Take each line from the material below that includes the string "Manga" and copy it.

Provided information:
= Beginning of Section =

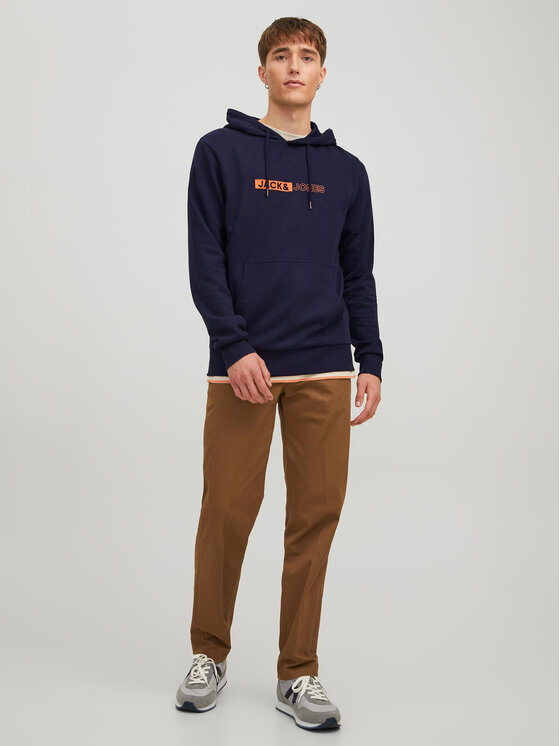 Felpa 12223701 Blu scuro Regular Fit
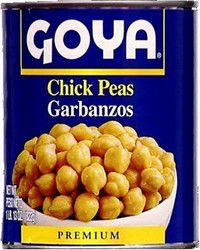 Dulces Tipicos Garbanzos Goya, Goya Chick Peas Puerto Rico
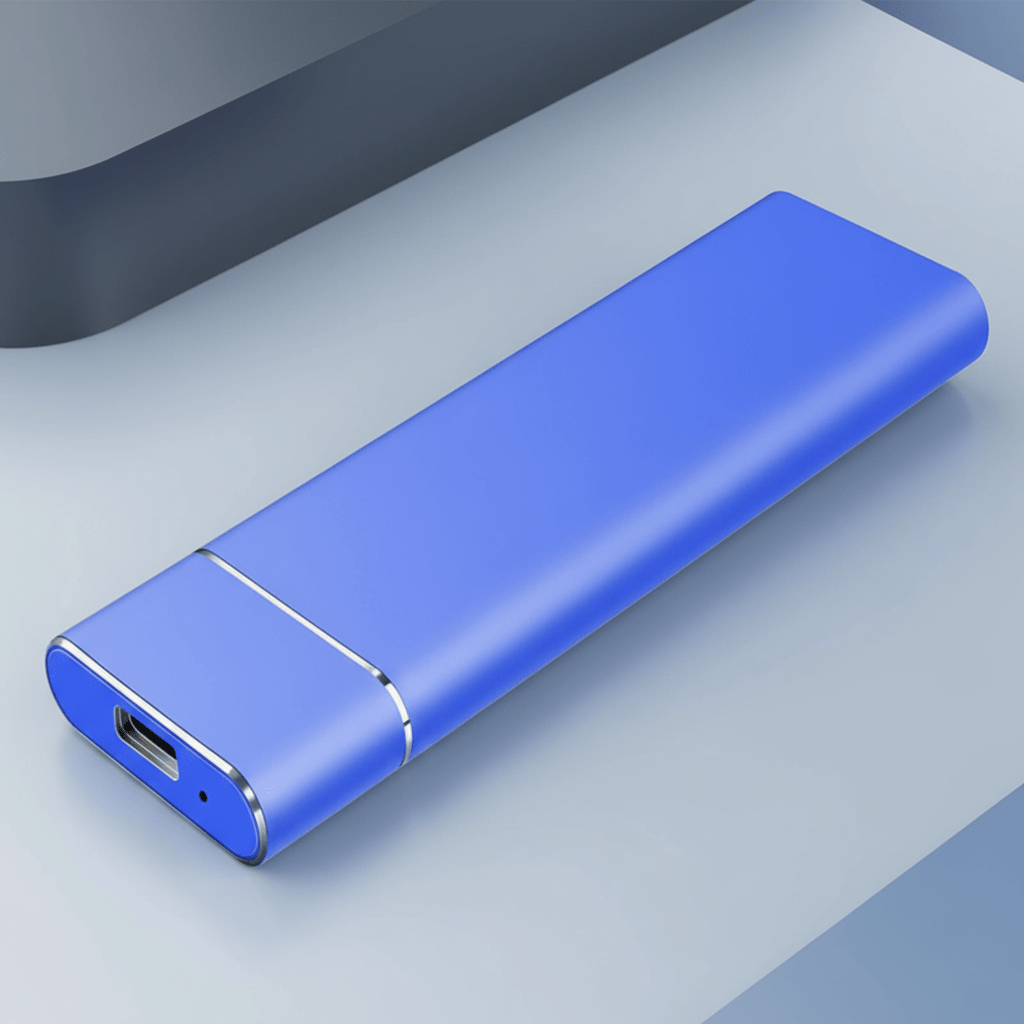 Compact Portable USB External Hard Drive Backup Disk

= End of Section =
= Beginning of Section =

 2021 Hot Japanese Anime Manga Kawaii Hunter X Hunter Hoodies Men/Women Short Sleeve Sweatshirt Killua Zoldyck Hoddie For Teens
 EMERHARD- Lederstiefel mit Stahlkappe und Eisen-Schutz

= End of Section =
= Beginning of Section =

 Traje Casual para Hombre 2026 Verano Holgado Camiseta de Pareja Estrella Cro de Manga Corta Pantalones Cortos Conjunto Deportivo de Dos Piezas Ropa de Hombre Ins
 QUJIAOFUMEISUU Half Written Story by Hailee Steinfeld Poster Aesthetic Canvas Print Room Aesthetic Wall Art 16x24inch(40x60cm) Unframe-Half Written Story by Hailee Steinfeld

= End of Section =

Solution:
 2021 Hot Japanese Anime Manga Kawaii Hunter X Hunter Hoodies Men/Women Short Sleeve Sweatshirt Killua Zoldyck Hoddie For Teens
 Traje Casual para Hombre 2026 Verano Holgado Camiseta de Pareja Estrella Cro de Manga Corta Pantalones Cortos Conjunto Deportivo de Dos Piezas Ropa de Hombre Ins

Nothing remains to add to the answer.